Y las olas llevándose todo el dolor.

Estos días frente al mar fueron una descarga que me debía hace tiempo, una manera de pedirme perdón a mí mismo. Una forma de cambio. Enamorado de quedarme horas mirando al horizonte que nunca se acaba, enamorado de esa magia que se desprende de la sal de su esencia. Y mojar mis pies sobre su arena para dejar atrás todo el cansancio, para infundarme una paz interior que extraño horrores cuando no estoy ahí.

Encuentro en el mar todos los pedazos ausentes de mi vida, y lo contemplo una y otra vez como si fuese la primera vez que lo veo. Y sonrío, y abro los brazos, y me dejo llevar.
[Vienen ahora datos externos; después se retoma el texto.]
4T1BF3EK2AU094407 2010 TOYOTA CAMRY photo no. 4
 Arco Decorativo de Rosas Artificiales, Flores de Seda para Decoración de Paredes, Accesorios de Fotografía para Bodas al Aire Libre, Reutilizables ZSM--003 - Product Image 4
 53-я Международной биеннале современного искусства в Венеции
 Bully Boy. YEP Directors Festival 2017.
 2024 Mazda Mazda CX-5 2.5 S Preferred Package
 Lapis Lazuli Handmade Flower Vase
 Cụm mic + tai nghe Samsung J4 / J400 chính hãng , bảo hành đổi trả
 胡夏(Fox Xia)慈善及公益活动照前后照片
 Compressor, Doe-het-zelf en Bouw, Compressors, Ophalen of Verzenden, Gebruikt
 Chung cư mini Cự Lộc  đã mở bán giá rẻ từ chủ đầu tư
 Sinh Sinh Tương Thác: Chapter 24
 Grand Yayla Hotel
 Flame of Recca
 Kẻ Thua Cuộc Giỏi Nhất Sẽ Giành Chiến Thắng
Descargo en su orilla toda la angustia que llevo conmigo, y me permito disfrutar, por un momento disfrutar. De mí, de mi pasado arrancado, de este presente con un signo de pregunta inmenso, de lo que vendrá. Poco importa todo si tengo la tranquilidad de besar sus pasos enjuguecidos de lágrimas.

Es voltear horas recorriendo su extensión de norte a sur, una y otra vez. Ampollando los pies, quemando la piel, dejando entrar al viento que sopla fuerte cuando anochece. Y recordando por qué alguna vez juré regresar.